The 4% rule failed after the great depression, and when enough history plays out, it might also fail during some of the severe downturns of the 2000's.
The bolded statement is not true, and Sol and others have already debunked similar statements that you made in the 4% rule thread. Go run cFiresim at either a 60/40 or 75/25 stock/bond allocation, and you will see that the only failures occurred for start years in the mid and late 1960's, due to the 1970s stagflation era. The Great Depression did NOT cause a failure of the 4% rule. And if you run a 17-year sim that captures the Y2k retiree, he/she is doing demonstrably better than any of the 1960s/70s failure trajectories were doing 17 years in. I'm pretty sure this has been pointed out to you before also.
Please stop spreading misinformation.
All you have to do is look at Table 3 in the original Trinity Study and you'll see that for a 30-yr time frame with an adjustment for inflation between 1926-1995 the success rate was only 95%-98% for a portfolio that had at least 1/2 stocks, 71% success for 25% stocks, and only 20% success for 100% bonds. Not sure why my statement is true! Let's see what we think about you not worrying about the year-2000 retiree...
cFiresim is only one simulation tool, and it doesn't even agree with the results of the Trinity study. As long as people are going to quote the 4% rule I'm going to stick with one of the sources of that very rule. But let's use it to simulate a 30-yr outcome starting at 2000. We don't need to stop at 17 years of simulation, we can do it in two stages to try and add on the other 13 years to get a proper 30-yr time frame, shall we?
I used the cFiresim default calculations with a 2017 retirement date and a 2034 retirement end year. Someone starting with $1M in 2000 would only have about $629K of their portfolio left in a US market - with a lofty CAPE ratio of 30 - we can't even factor in how expensive the market is, but that doesn't sound very safe at all.

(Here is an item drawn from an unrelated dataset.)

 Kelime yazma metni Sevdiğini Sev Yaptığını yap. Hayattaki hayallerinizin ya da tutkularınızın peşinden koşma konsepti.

Put that $629K back in the simulator and run it for another 13 years. Adjusting expenses for inflation, $40,000 in 2000 is now $57,545 in 2017, so that's our starting expense number, and the simulations years are 2017-2030. Now let's count how many times the portfolio fails over the 134 historical simulations. The answer is 48! That's the best way I can think to simulate a 30-yr horizon starting with 2000, and I get a 36% failure rate with this method. If we assume that market returns will not be as good for the next 30 years (CAPE research shows this to be very likely) then you would probably get a significantly higher success rate.
Please stop spreading misinformation.